U.S. government debt prices posted declines on Tuesday.
The yield on the benchmark 10-year Treasury note was higher at around 2.873 percent at 5:40 a.m. ET, while the yield on the 30-year Treasury bond was in the black at 3.039 percent. Bond yields move inversely to prices.
Reopening after the Labor Day holiday, U.S. markets are largely attuned to developments surrounding trade friction.
Last week, the U.S. and Canada failed to secure an agreement to replace the current NAFTA pact by the Friday deadline. While a deal has been arranged with Mexico, President Donald Trump tweeted over the weekend that there was “no political necessity to keep Canada in the new NAFTA deal.”
Trump added that Congress shouldn’t intervene in the talks, and claimed that if it did, he would “simply terminate NAFTA entirely.” Trade talks with Canada are however expected to reignite this week.
Also last week, a Bloomberg report suggested that the U.S. administration was on standby to inflict additional levies on $200 billion worth of Chinese goods as soon as this week. In an interview with the same media outlet, Trump warned that he would consider removing the U.S. from the World Trade Organization (WTO) if it doesn’t “shape up.”

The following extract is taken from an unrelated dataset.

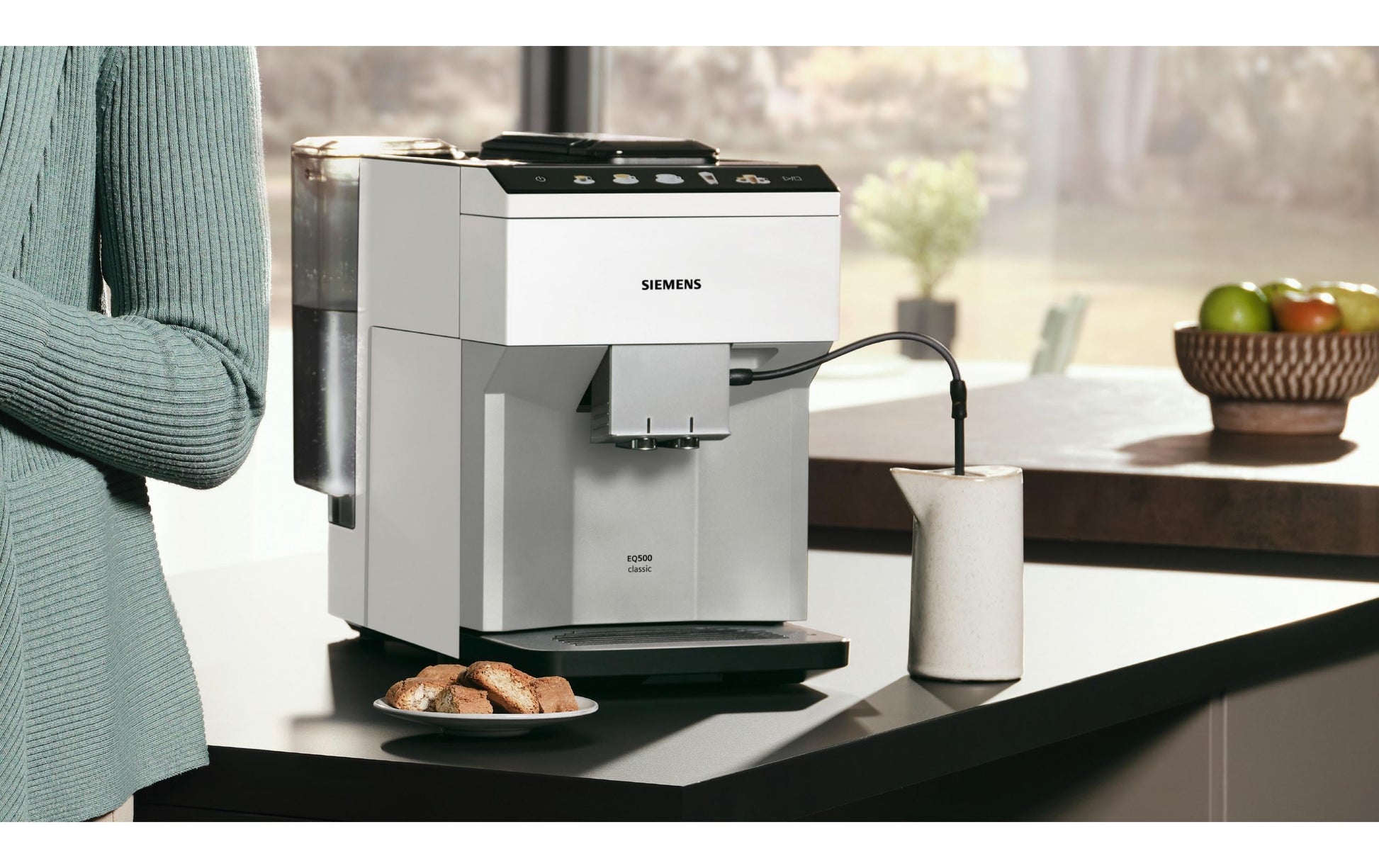 Siemens EQ500 TP515D02 Kaffeevollautomat – 15 bar, 1,9 l, 270 g, Weiss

Investors are also keeping an eye on emerging markets. In Turkey, the lira has lost at least 40 percent of its value in 2018 over concerns surrounding President Recep Erdogan’s policies and the economy. And the Argentinian government asked the International Monetary Fund (IMF) for an early release of funds from the nation’s $50 billion standby financing deal — a move that surprised markets and put the peso under pressure.
In data news, manufacturing purchasing managers’ index (PMI) figures are due out at 9:45 a.m. ET, followed by ISM manufacturing data and construction spending, both due at 10 a.m. ET.
The U.S. Treasury is scheduled to auction $48 billion in 13-week bills, $42 billion in 26-week bills and $55 billion in four-week bills. No size announcements are expected.
No speeches by the U.S. Federal Reserve are scheduled.